錢香亞一驚,沒想到連這事兒平安公主也知道了。當時錢府可是在錢紅佩的嚴厲命令下,誰也沒敢往外透露半個字啊。
就在錢香亞愣神的這會兒,錢正柔將話給接去了:“回公主的話,那一日知府大人中了‘一日春’,急需女人替他解了那烈藥。但當時大小姐與西域的舅老爺約好相見,因此大小姐派了一位叫凌雪的丫鬟給知府大人解藥,自己則按照原計劃趕去西域了。”
“胡鬧!”平安公主突地發怒,重重的將手中茶杯摔在了錢香亞和錢正柔二人面前:“京城離西域不過四五日路程,她便是推遲一日又有何妨?難怪,難怪……”

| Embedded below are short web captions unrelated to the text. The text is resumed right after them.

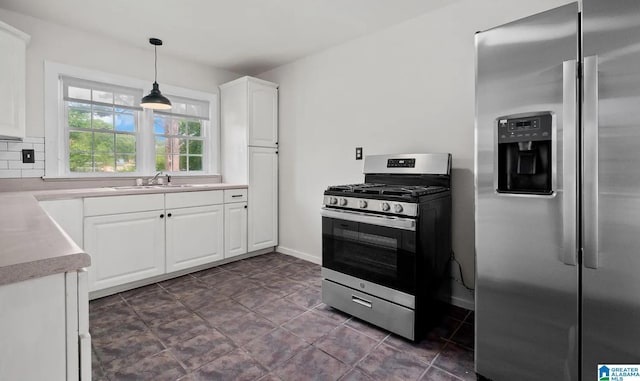 kitchen featuring white cabinets, decorative light fixtures, a sink, light countertops, and stainless steel appliances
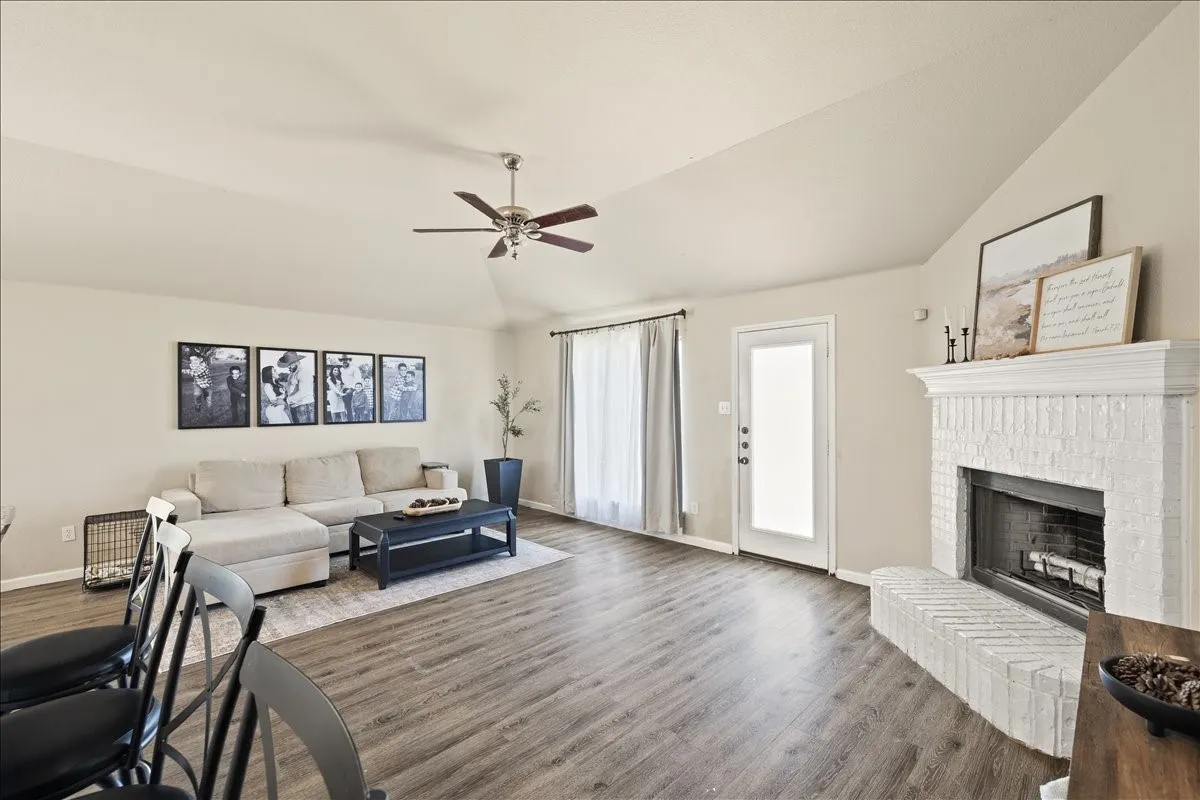 Vaulted ceiling living area featuring wood-finish flooring, a painted brick fireplace with hearth, and a ceiling fan with light fixture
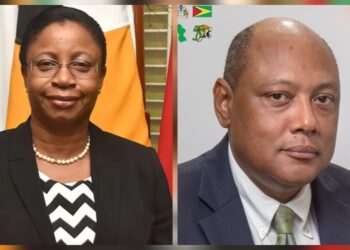 L-R Ag Chancellor Roxane George- Wiltshire and Fmr Minisrer Raphael Trotman
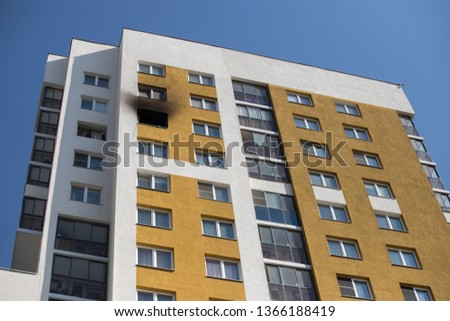 Front and windows of a condominium after an explosion and fire in its apartment.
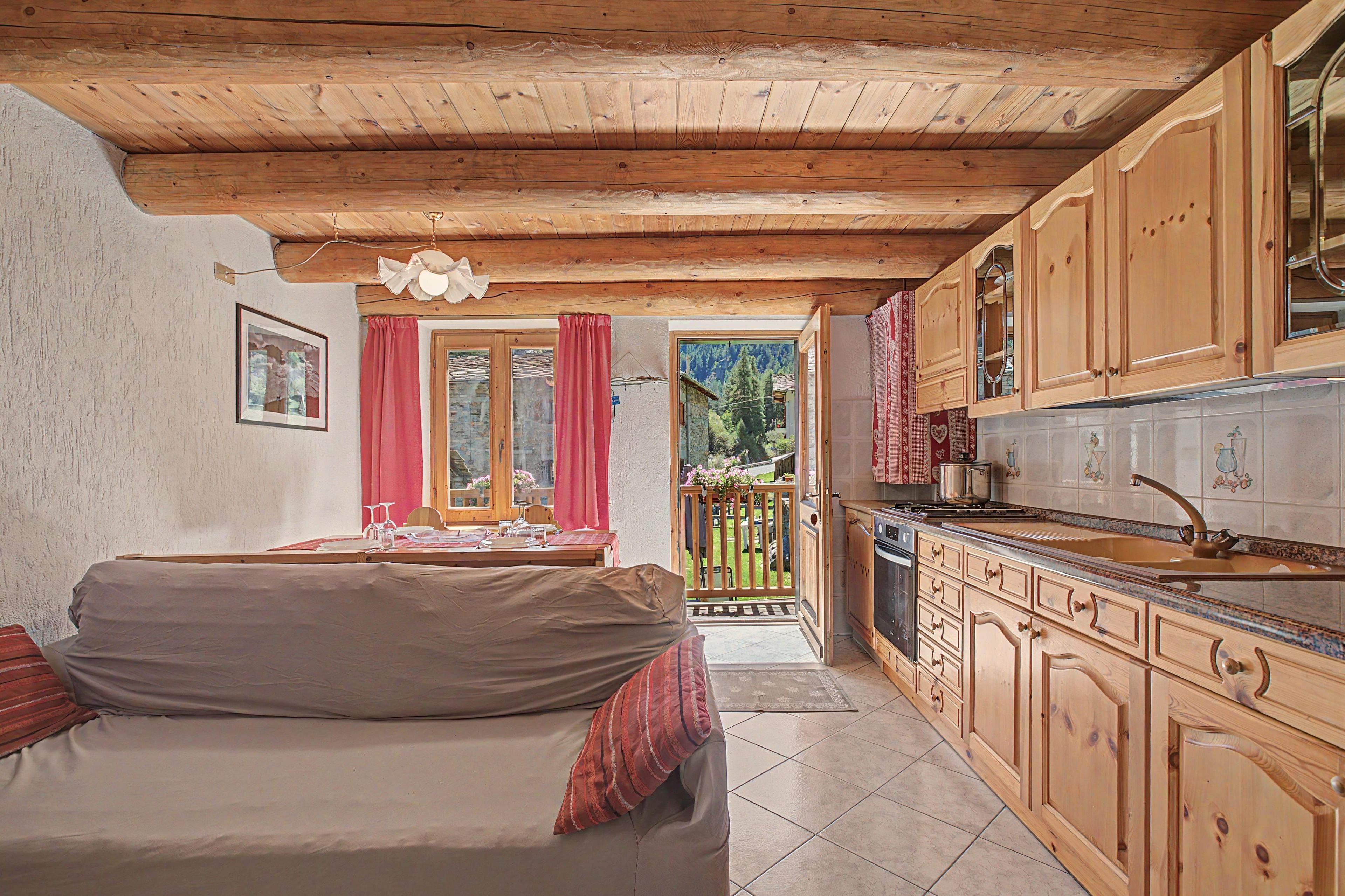 Una stanza accogliente con soffitto in legno, un divano, un tavolo da pranzo con sedie e una cucina con pensili in legno.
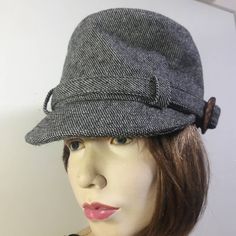 Belted Brown Button Notch 70% Wool, 30% Acrylic. Do Not Wash, Dry Clean Only. Casual Adjustable Wool Cloche Hat, Gray Wool Casual Hat, Casual Brimmed Hat For Work, Casual Gray Wool Hat, Gray Adjustable Cloche Hat With Short Brim, Adjustable Brimmed Gray Cloche Hat, Crochet Slouch Hat, Tweed Hat, Crochet Slouchy Hat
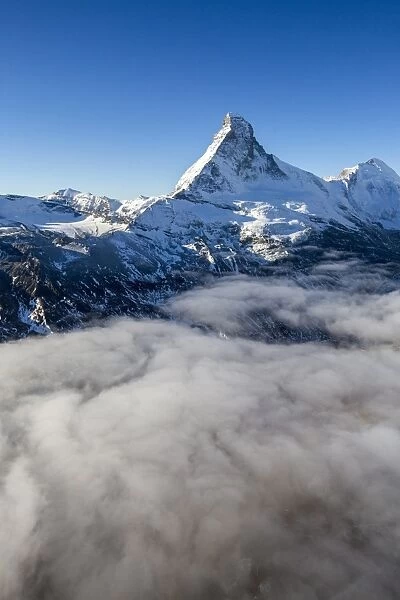 Fog revealing the mountain range surrounding the massif of the Matterhorn, Swiss Canton of Vaais, Swiss Alps, Switzerland, Europe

平安公主的胸脯急促起伏着,一張溫和的俏臉此刻堆滿了憤怒。她陰晴不定的看着面前兩個被她嚇住的女子,好半晌後才重新坐了回去,聲音恢復了平靜:“你們覺得,知府大人如今對錢安娘態度如何?”
錢香亞此刻已經不敢出聲,錢正柔沒法子便只好硬着頭皮說道:“公主想必也有所耳聞,知府大人頭兩日對大小姐挺兇的,不知爲何這幾日態度又好了。民女心想,是不是知府大人還是喜歡着大小姐……所以決定既往不咎了?公主請息怒,這只是民女的猜想……”
“哼,喜歡?”平安公主一聲嗤笑,“本公主早晚叫他明白,錢安娘若不是因爲他如今的身份地位……”說到這裏她嚥下了後邊的話,又眼神犀利的盯住面前兩個女子,說道:“今日的問話,若傳到了知府大人或是錢安孃的耳中,你們可知道後果?”
錢香亞和錢正柔急忙跪下了:“不敢,民女不敢。”
平安公主不說話了,只是一臉深思地看着跪在地上的兩人,似問她們又似自言自語地道:“狀元……商人……配麼?”
錢香亞和錢正柔低着頭,悄悄的互換了一個眼色,均從對方眼中看到了一抹訊息:公主她,對衛聞有意吧?